イラストの発注を請けたとき、「キャラを背景になじませてください」というフィードバックをもらって困ったことはありませんか?
キャラと背景がなじまない原因のひとつとして、キャラクターと背景がバラバラの色味を持っていることが考えられます。
例えば、背景は夕焼け空なのに、キャラクターや物体の色は晴れた昼間のようにローカルカラー(固有色)がそのまま表現されているという、ちぐはぐな状態です。

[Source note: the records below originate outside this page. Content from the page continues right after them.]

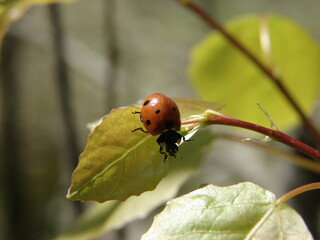 a beetle named ladybug descends from the leaf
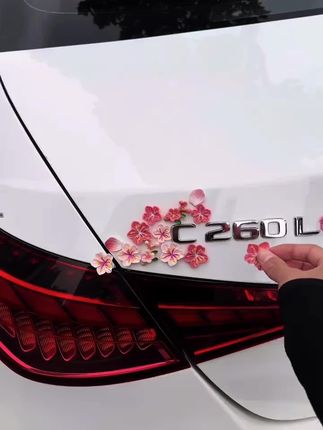 亲们,谁会拒绝女朋友送的樱花瓣3D立体车贴,贴在屁股上也太好看了趴#阔爱炸了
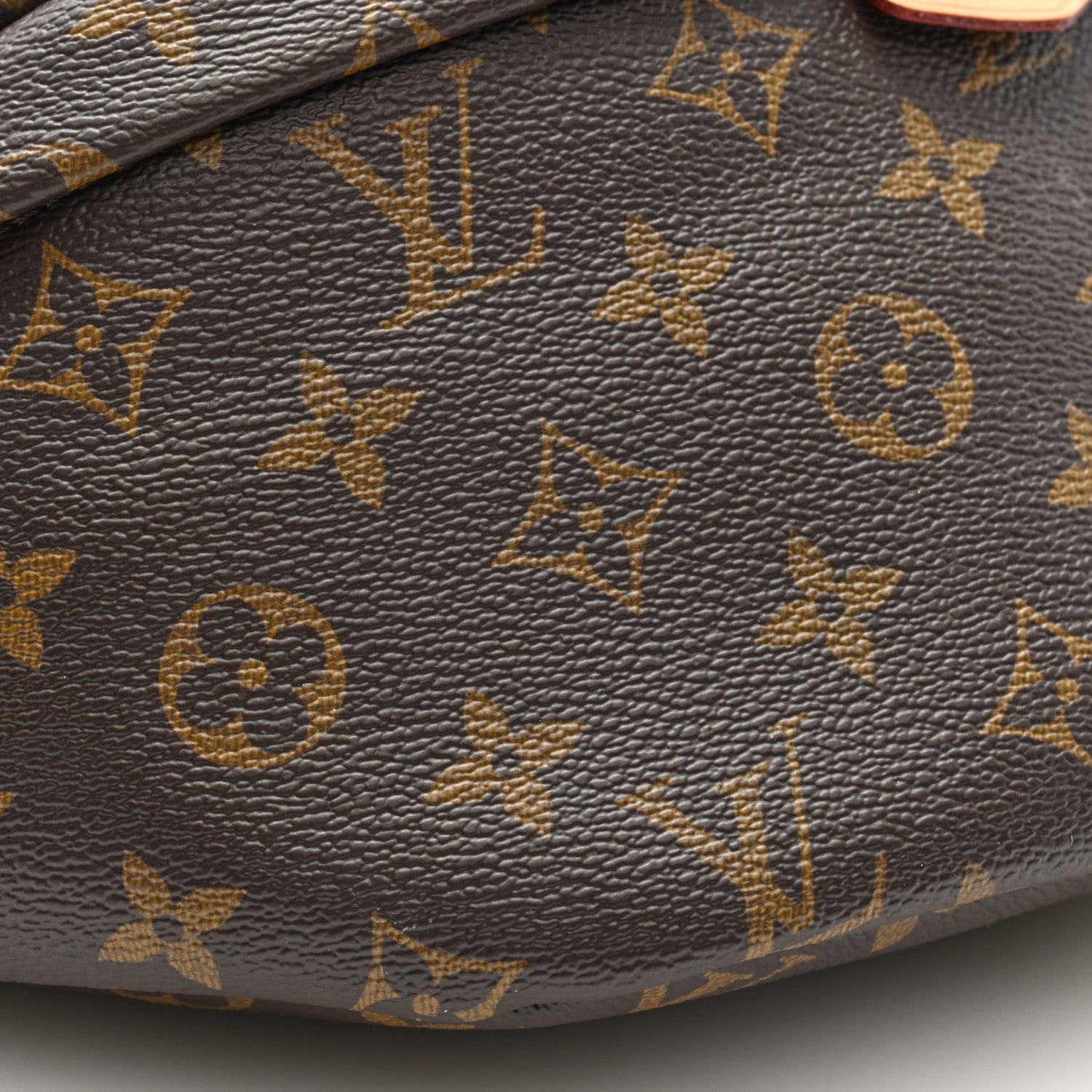Louis Vuitton Monogram Bumbag 8 of 9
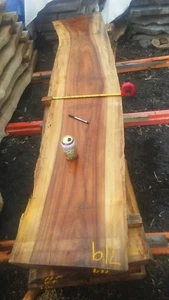 EXOTIC HAWAIIAN MONKEYPOD NATURAL EDGE BENCH SLAB COFFEE SOFA TABLE FURNITURE - Picture 1 of 8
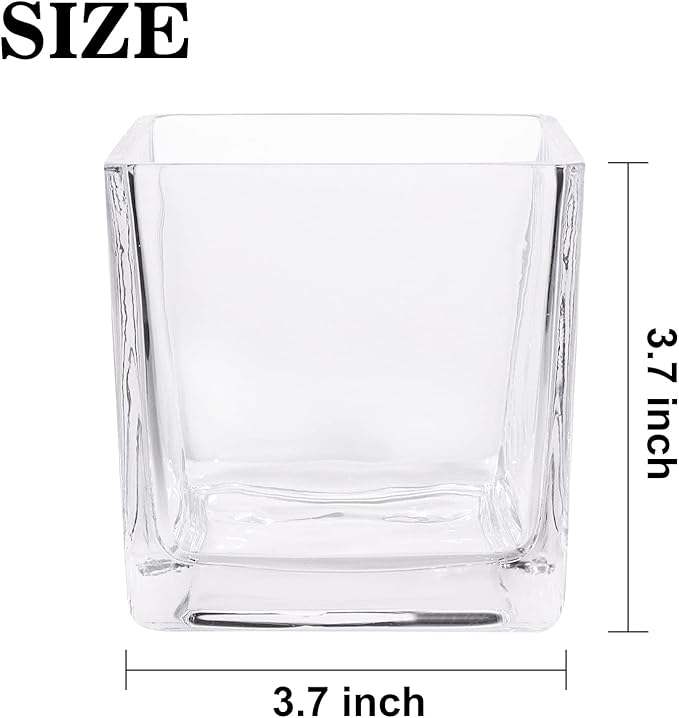 Set of 6 Square Glass Vases 4 x 4 Inch, Clear Cube Flower Vases with Sponge Brush, Candle Holders, Decorative Centerpieces for Home, Events or Weddings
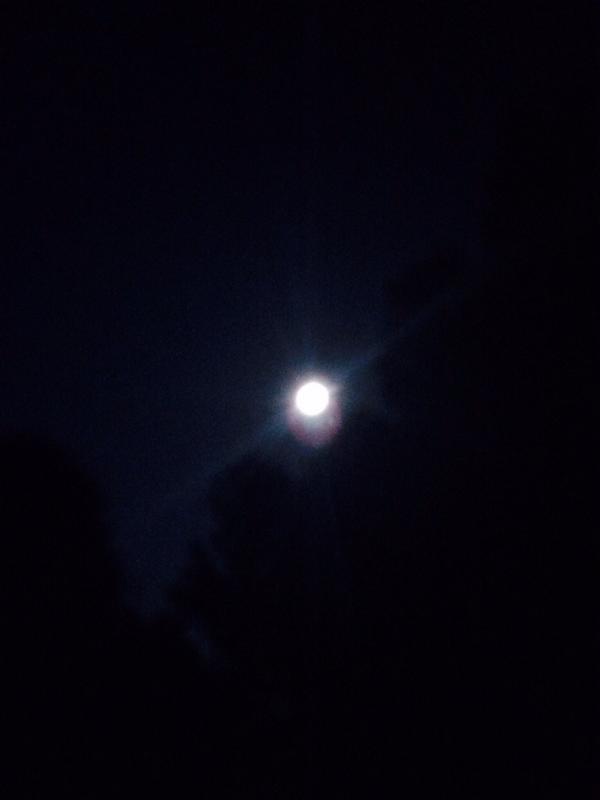 PSchiebel's tweet image. Beautiful night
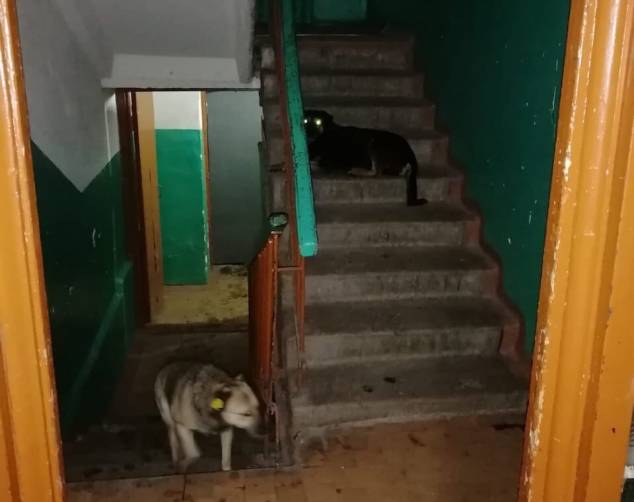 В Брянске бездомные псы оккупировали подъезд многоэтажки на улице Почтовой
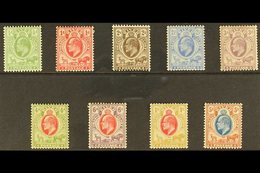 ORANGE RIVER COLONY  1903 Ed VII Set Complete, SG 139/147, Very Fine Mint. (9 Stamps) For More Images, Please Visit Http - Ohne Zuordnung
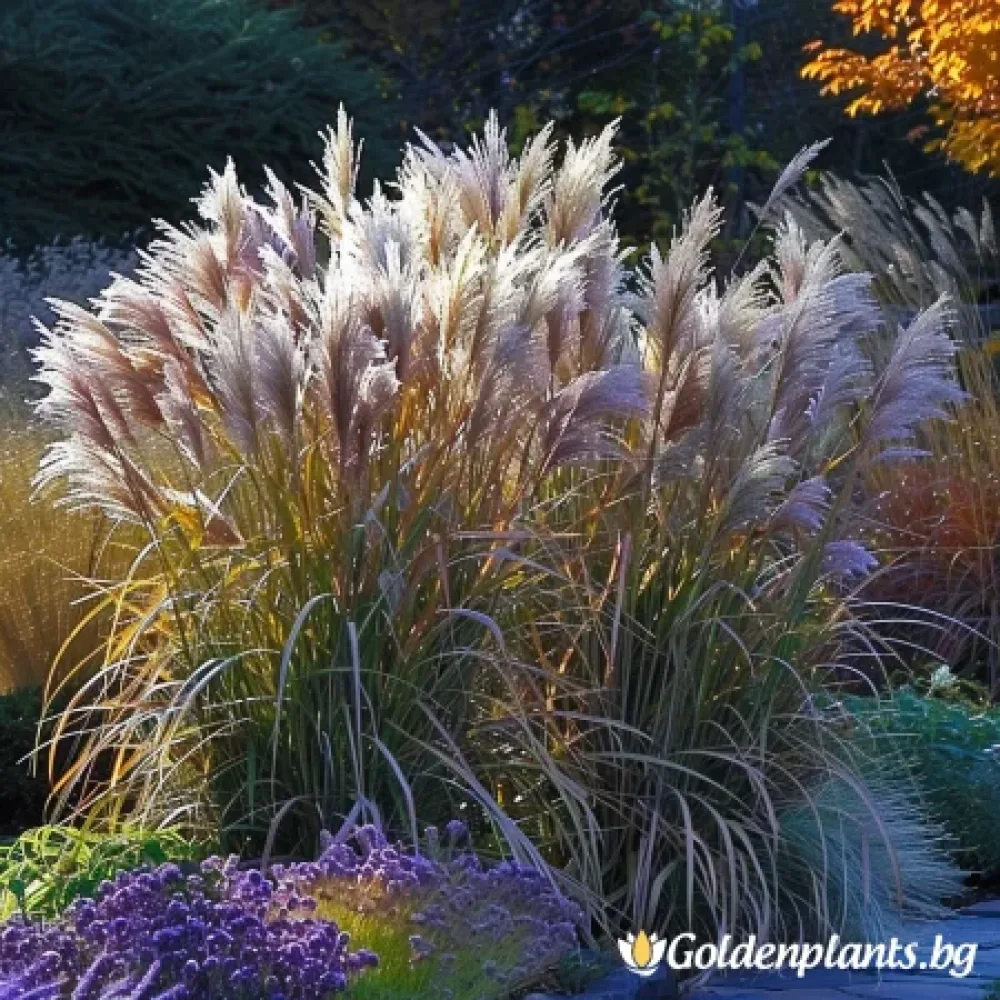 „Фламинго“ – мискатус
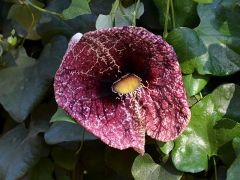 Aristolochia Elegans (Aristolochia Littoralis, Dutchman's Pipe, Calico Flower)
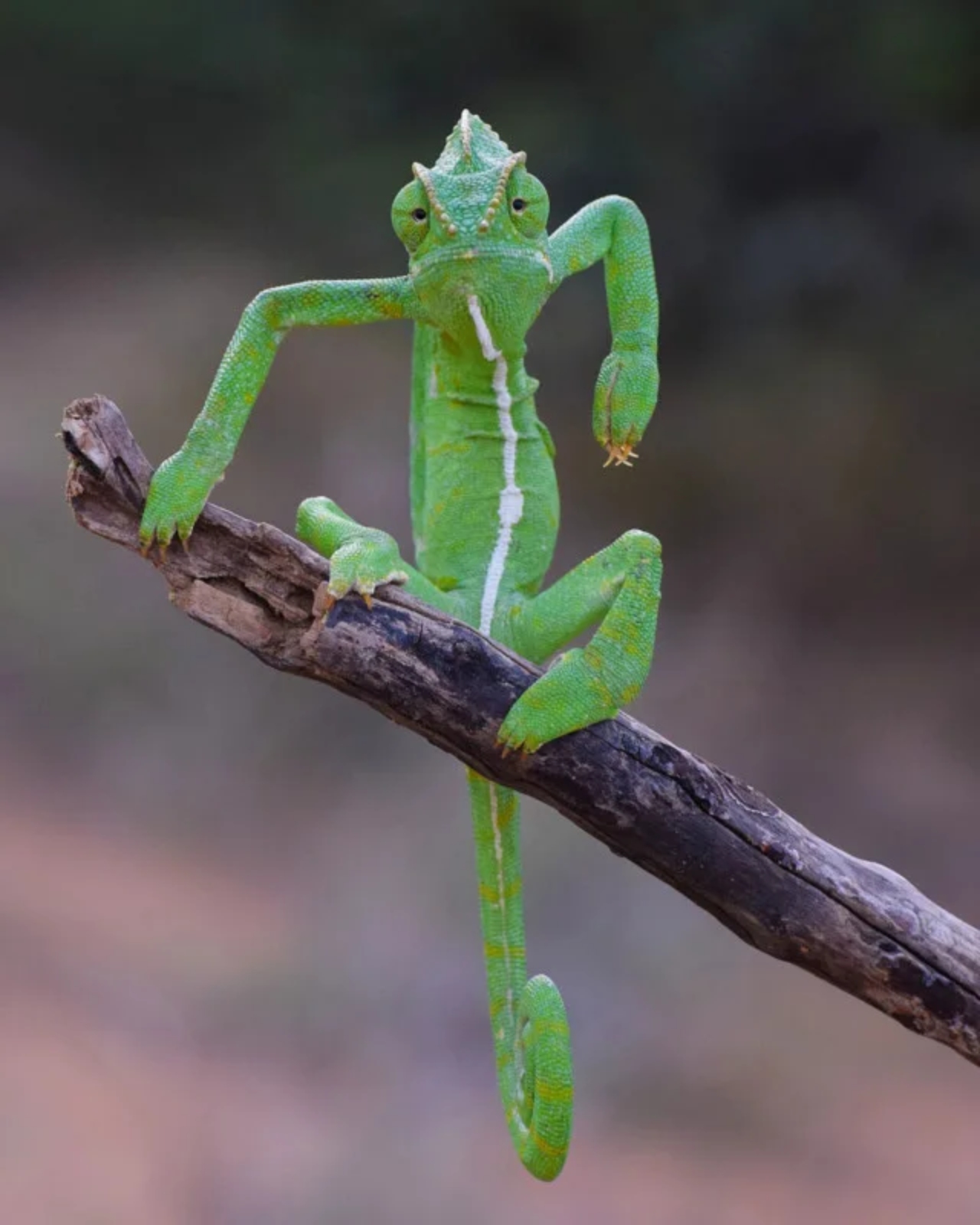 iguana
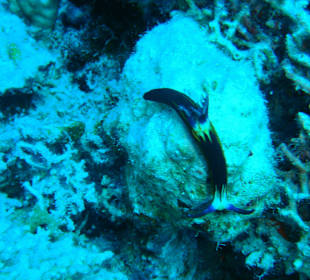 Sondern auch "Schnecken"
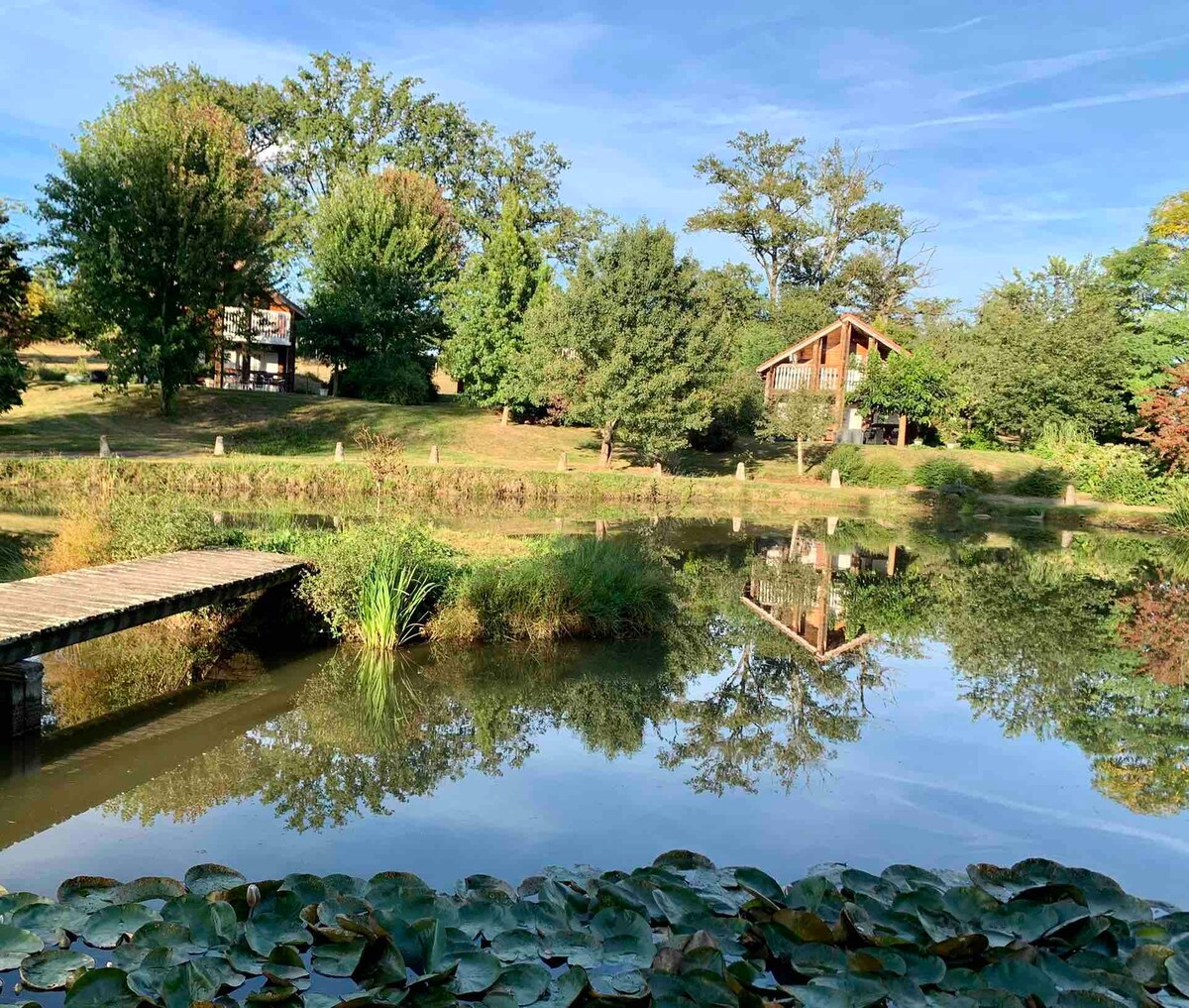 Domaine arboré avec 3 maisons bois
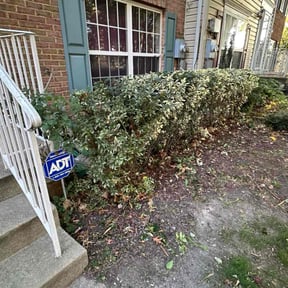 Bush Trimming by Lawn Squatch reviewed on December 18, 2025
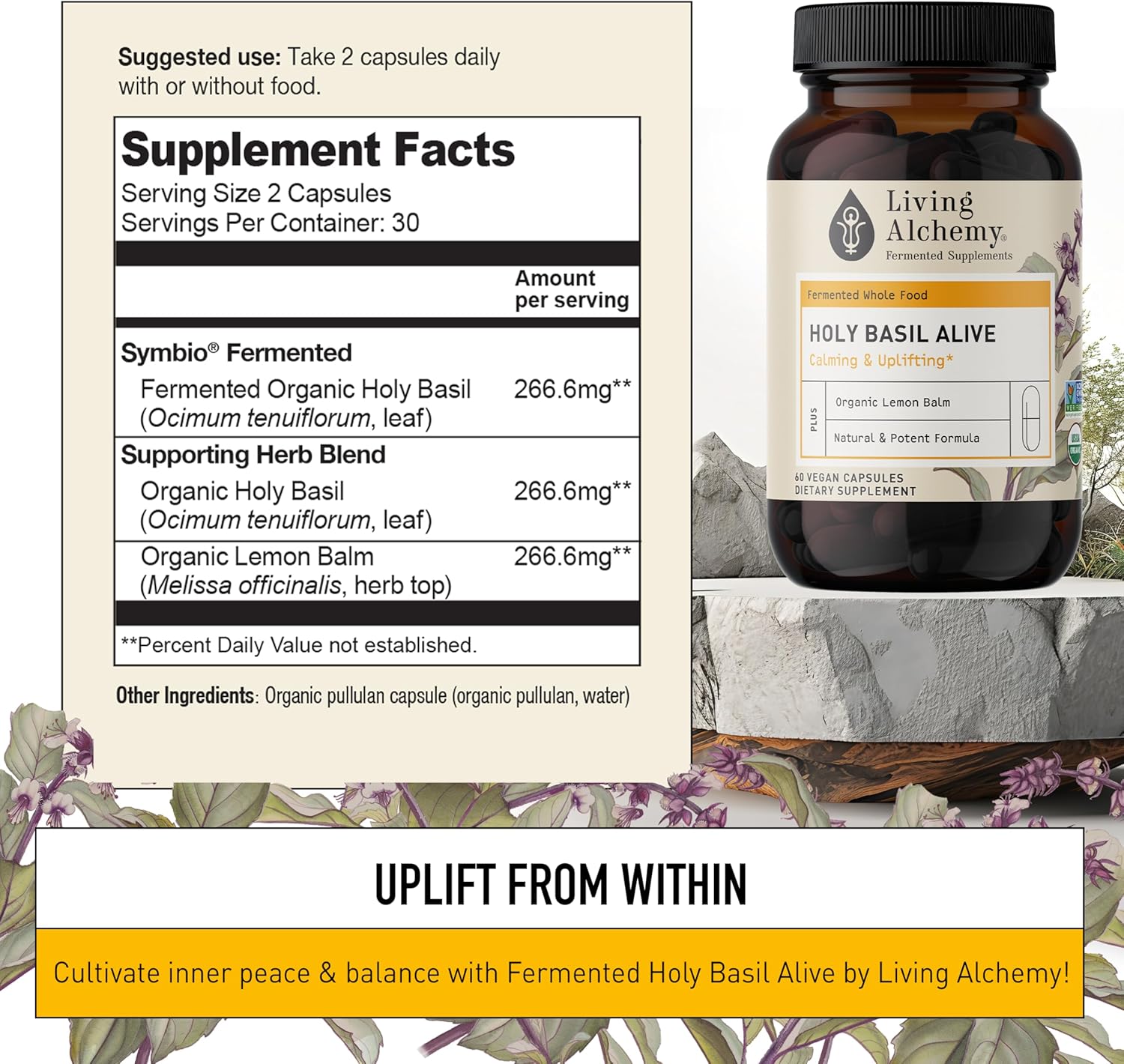 Fermented Holy Basil & Lemon Balm Mood Sleep Aid Supplement for Women & Men - Vegan Non-GMO - Living Alchemy 60 Capsules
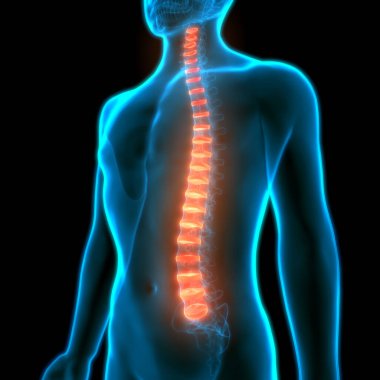 İnsan İskelet Sistemi Anatomisi Omurga Diskleri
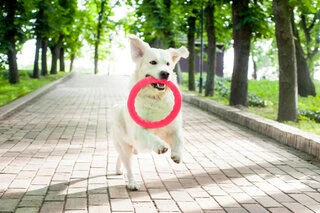 Кольцо для апортировки PitchDog20, диаметр 20 см, розовый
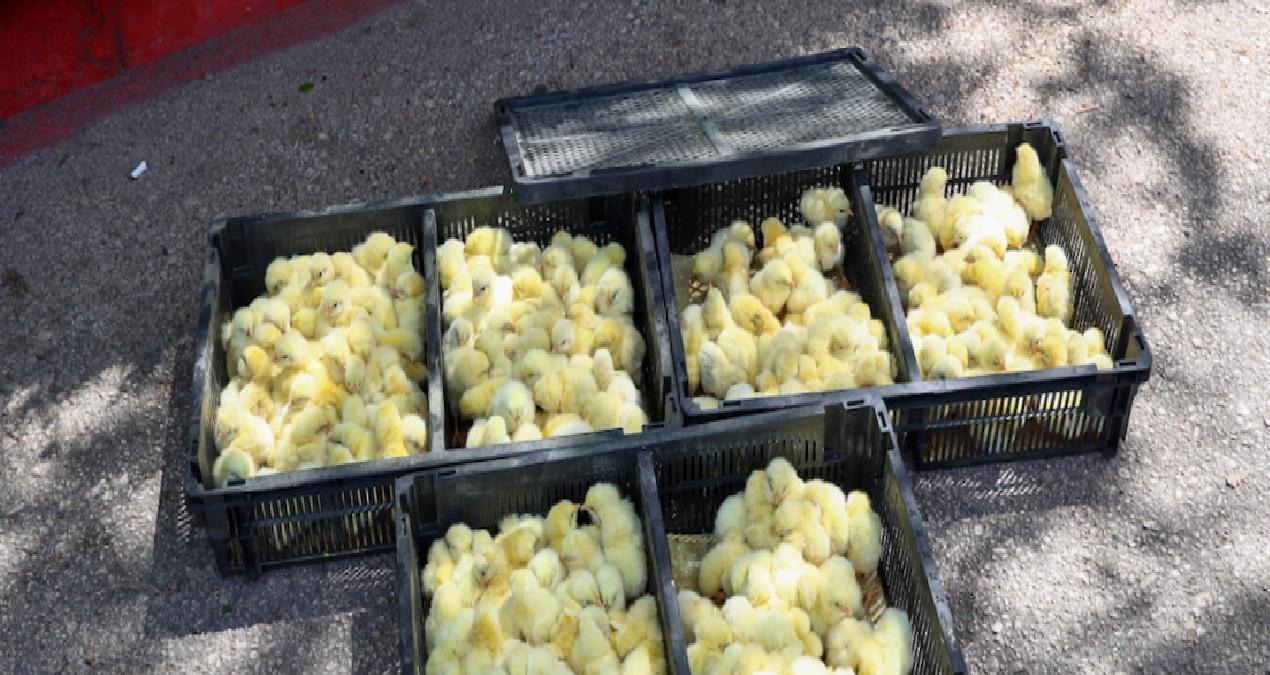 Otobüsle gönderilen 300 civcive el konuldu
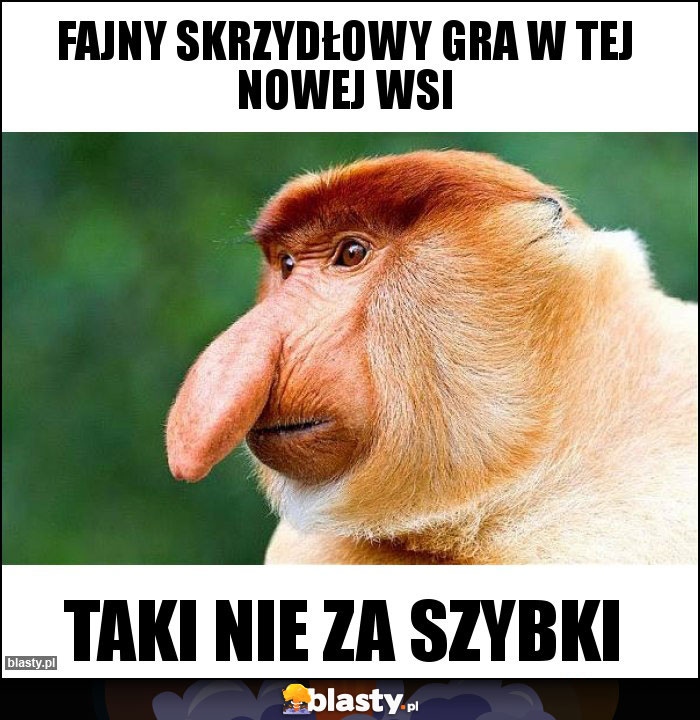 Fajny skrzydłowy Gra w tej nowej wsi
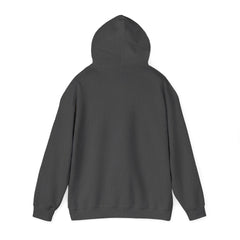 Awakening Aesthetics Gym Hoodie for Men & Women | Athletic Pullover with Kangaroo Pocket | 50/50 Cotton-Poly Blend | Comfortable, Stylish & Ethically Made | Unisex Classic Fit - Awakening Aesthetics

時間帯と色の関係を知ることは、上に述べたようなイラストのぎこちなさを解消する手がかりになります。また、各時間帯の代表的な色をカラースキームにまとめましたので、イラスト制作の際に役立てていただければと思います。
なぜ物体やキャラクターは環境の色に影響を受けるのか
時間帯によって空は様々な色に変化します。それは太陽の角度によって、人間の目に届く光の色が変わるからです。 その変化に伴い、光源色、環境光、影色も変化します。
人物や木、建物などの物体は、変化した光源の色が反射して私たちの目に見えるようになるので、ローカルカラーが光源色に影響を受けます。また、影色は環境光の反射を受けるため、環境光の変化も頭に入れて描かなければなりません。
空の色が変わって見える仕組み
地球は球体なので、太陽の光がその地点に差し込む角度によって、空の色が変わって見えます。
昼は太陽の光が地面に対して垂直方向から入るため、大気層に散乱されやすい青色の光線でも届くのですが、朝や夕方は、地面の斜め横方向から光が差し込むので、光は長い距離を移動することになります。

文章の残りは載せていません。